On Water’s Here in You, Bon’s songwriting takes a particularly beautiful leap—as she commands syntax in really stimulating ways, including intentionally spacious pronunciations and sublime repetitions. It’s noticeable throughout the record, but it takes a really sunny shape on “Lightness is Loud”—when Bon sings “Coral, coral, snake, snake / Curl inside me / Soft wool, rough blue / Pearl inside you” twice over. When she recites the song’s title, she admits that she was conjuring a bit of Kurt Vile’s affectations while doing so. “When I hear it, I’m like, ‘Yeah, that is me. I’m cosplaying Kurt,’” she says. When Bon is not making music in Babehoven, she’s exploring her Croatian, Eastern European Jewish and Balkan ancestry—singing in Balkan and Georgian choirs and letting it influence her voice across whatever medium she falls into. (We’re always playing Balkan music,” Albert says of the couple’s home rotation. “It’s very much there.)
In the past, too, Bon has been a very, in her own words, “word-vomit, stream-of-consciousness-style” writer—often pressing play on voice memos and letting the whole song pour out of her before returning to the material and writing down what she liked about it. It’s very editorial, and that’s how some of Babehoven’s favorite songs, like “Often” and “Fugazi,” came to be: having expelled out of her. On Water’s Here in You, however, Bon wasn’t playing guitar, so she turned to her computer instead. “I can type really quickly,” she says, “which is helpful—because I think really quickly when this is happening. I just closed my eyes and these lyrics came out. What makes them unique, too, in this case, is that they’re very visual for me. The coral and the snake and the pearl inside you, the soft wool, the rough blue and lightness is loud—as a concept—I was seeing it all as I was writing it.”
On the production side, Albert is tasked with making arrangements that both nurture and compliment Bon’s patterns and stream-of-consciousness lyricism that she is constantly workshopping and fine-tuning—and he admits that “Lightness is Loud” was one of the more challenging songs on the record to bring across the finish line. “We worked a long time on that song, even though it’s only two-and-a-half minutes,” he says. “We couldn’t figure out what the heck to do for a bridge after the chorus and, funnily enough, we just repeated the intro—which, that should have been our first choice, but it was hard to find.” When Albert is working on songs with Bon, his first mission is to find nooks and crannies for counterpart melodies.
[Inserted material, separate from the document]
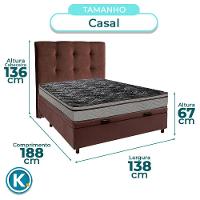 Cama Box Bau + Colchão Casal D28 Conforto Paropas + Cabeceira Estofada - 3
It’s why the intro of “Lightness is Loud” arrives so dissonant, though that opening is what makes the track’s chorus stick out so much: It’s consonant, celebratory. “I try to boost up this energetic feel,” Albert continues. “Maya definitely helped with the arrangement because, when I was first playing the guitar part, she was like ‘Whoa, that’s cool, but it’s actually kind of annoying how you’re playing it.’ And I was over-playing; I was being a classical guitar player and adding too much shit. And then she was like ‘Take some of that back,’ and I did—and that left a lot of room for melody.”